Starting at the first line of the entries below, output every line exactly, up to and including the line with "Basically, white energy".
### Material for the task
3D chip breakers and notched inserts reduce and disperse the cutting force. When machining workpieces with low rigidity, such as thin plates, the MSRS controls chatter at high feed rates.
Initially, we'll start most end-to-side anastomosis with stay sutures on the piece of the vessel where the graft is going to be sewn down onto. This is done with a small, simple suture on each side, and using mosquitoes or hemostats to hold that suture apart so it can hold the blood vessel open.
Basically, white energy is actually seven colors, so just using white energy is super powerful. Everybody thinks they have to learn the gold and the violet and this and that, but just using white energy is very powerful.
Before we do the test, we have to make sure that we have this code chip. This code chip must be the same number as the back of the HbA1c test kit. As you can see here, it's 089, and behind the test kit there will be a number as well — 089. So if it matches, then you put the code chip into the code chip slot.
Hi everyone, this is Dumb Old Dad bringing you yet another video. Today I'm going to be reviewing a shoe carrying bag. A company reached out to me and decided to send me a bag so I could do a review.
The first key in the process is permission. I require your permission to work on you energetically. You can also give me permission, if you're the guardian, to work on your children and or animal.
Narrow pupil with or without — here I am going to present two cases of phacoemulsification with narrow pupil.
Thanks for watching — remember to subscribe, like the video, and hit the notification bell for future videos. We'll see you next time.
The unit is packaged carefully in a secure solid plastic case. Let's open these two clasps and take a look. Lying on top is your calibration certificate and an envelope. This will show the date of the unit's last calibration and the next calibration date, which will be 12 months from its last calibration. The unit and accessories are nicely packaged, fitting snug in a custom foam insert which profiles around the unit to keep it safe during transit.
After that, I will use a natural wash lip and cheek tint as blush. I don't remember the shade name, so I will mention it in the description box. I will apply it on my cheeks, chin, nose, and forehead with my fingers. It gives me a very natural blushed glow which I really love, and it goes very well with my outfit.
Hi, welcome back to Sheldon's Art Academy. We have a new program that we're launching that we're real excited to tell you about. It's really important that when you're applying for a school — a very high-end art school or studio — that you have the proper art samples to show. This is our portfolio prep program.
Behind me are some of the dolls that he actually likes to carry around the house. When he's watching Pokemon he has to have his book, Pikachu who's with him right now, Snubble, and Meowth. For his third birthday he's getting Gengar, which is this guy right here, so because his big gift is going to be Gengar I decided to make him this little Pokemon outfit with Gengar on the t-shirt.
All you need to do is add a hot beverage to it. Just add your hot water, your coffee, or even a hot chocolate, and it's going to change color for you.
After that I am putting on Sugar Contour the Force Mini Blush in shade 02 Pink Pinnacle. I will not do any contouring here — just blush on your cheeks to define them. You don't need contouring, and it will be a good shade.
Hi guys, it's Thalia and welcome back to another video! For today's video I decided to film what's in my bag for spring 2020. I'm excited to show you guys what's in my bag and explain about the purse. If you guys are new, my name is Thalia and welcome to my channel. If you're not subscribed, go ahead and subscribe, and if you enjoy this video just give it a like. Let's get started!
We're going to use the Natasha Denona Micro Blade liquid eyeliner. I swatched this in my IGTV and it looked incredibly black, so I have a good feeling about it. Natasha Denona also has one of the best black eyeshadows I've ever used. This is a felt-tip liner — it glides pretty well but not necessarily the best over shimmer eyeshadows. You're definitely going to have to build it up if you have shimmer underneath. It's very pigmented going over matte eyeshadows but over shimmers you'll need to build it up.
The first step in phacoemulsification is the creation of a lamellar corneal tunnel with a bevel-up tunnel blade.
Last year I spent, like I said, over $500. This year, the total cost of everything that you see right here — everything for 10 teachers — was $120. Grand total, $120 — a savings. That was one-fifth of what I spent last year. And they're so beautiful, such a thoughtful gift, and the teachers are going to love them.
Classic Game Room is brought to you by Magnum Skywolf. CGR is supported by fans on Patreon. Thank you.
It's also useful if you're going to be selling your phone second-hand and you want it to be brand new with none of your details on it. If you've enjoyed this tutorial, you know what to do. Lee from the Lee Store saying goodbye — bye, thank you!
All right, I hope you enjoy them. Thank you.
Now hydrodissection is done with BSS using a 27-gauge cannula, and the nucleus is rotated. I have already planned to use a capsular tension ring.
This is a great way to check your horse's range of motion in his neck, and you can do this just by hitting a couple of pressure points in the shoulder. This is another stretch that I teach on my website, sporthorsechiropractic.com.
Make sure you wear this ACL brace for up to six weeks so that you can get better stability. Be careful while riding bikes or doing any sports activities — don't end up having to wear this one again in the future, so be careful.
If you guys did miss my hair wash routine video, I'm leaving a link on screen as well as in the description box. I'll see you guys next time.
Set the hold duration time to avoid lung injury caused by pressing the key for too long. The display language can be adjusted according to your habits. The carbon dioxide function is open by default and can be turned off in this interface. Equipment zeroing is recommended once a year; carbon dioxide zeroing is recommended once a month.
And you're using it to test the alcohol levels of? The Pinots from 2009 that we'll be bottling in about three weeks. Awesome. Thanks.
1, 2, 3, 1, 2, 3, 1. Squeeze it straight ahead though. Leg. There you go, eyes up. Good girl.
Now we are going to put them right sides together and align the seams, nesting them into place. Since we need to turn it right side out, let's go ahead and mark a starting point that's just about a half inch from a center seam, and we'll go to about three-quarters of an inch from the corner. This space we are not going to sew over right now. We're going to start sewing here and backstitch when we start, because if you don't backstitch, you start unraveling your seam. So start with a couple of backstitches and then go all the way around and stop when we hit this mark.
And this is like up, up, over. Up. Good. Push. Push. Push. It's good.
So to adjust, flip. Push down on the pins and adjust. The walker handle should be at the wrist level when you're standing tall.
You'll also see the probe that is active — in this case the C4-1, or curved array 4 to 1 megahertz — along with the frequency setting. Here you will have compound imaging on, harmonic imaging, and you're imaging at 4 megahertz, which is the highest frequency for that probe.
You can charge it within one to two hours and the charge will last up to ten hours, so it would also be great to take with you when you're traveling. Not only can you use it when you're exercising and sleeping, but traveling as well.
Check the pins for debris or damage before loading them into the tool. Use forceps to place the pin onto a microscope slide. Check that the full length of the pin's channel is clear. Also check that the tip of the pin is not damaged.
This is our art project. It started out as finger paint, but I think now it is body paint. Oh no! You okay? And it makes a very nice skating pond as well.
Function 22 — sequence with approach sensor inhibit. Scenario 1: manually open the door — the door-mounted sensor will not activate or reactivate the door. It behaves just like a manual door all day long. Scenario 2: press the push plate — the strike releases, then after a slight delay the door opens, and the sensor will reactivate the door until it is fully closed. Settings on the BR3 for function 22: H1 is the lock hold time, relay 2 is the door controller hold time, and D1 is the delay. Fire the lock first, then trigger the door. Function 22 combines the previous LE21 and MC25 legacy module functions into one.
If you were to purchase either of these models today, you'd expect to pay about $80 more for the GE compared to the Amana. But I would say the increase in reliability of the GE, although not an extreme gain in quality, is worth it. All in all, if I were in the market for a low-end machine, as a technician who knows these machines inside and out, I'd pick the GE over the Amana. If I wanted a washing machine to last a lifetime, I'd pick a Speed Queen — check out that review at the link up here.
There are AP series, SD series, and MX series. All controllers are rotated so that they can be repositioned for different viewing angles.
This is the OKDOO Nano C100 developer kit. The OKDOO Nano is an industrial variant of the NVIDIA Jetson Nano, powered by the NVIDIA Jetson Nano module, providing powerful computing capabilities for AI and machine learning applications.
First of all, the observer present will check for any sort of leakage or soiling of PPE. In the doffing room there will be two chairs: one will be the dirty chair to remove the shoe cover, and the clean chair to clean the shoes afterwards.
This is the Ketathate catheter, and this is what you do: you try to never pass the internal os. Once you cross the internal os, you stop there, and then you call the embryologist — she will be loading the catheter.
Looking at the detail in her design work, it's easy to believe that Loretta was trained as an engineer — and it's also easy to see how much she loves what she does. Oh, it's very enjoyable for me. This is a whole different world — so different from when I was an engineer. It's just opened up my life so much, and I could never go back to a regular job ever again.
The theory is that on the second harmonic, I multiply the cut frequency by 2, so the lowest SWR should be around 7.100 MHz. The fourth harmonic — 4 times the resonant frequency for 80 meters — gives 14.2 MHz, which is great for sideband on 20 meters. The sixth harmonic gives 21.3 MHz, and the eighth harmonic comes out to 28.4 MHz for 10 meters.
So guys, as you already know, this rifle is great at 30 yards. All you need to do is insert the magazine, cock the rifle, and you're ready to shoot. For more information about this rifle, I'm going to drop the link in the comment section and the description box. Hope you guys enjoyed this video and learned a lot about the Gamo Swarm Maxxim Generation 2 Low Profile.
######
▶ [Problem solution]:
3D chip breakers and notched inserts reduce and disperse the cutting force. When machining workpieces with low rigidity, such as thin plates, the MSRS controls chatter at high feed rates.
Initially, we'll start most end-to-side anastomosis with stay sutures on the piece of the vessel where the graft is going to be sewn down onto. This is done with a small, simple suture on each side, and using mosquitoes or hemostats to hold that suture apart so it can hold the blood vessel open.
Basically, white energy is actually seven colors, so just using white energy is super powerful. Everybody thinks they have to learn the gold and the violet and this and that, but just using white energy is very powerful.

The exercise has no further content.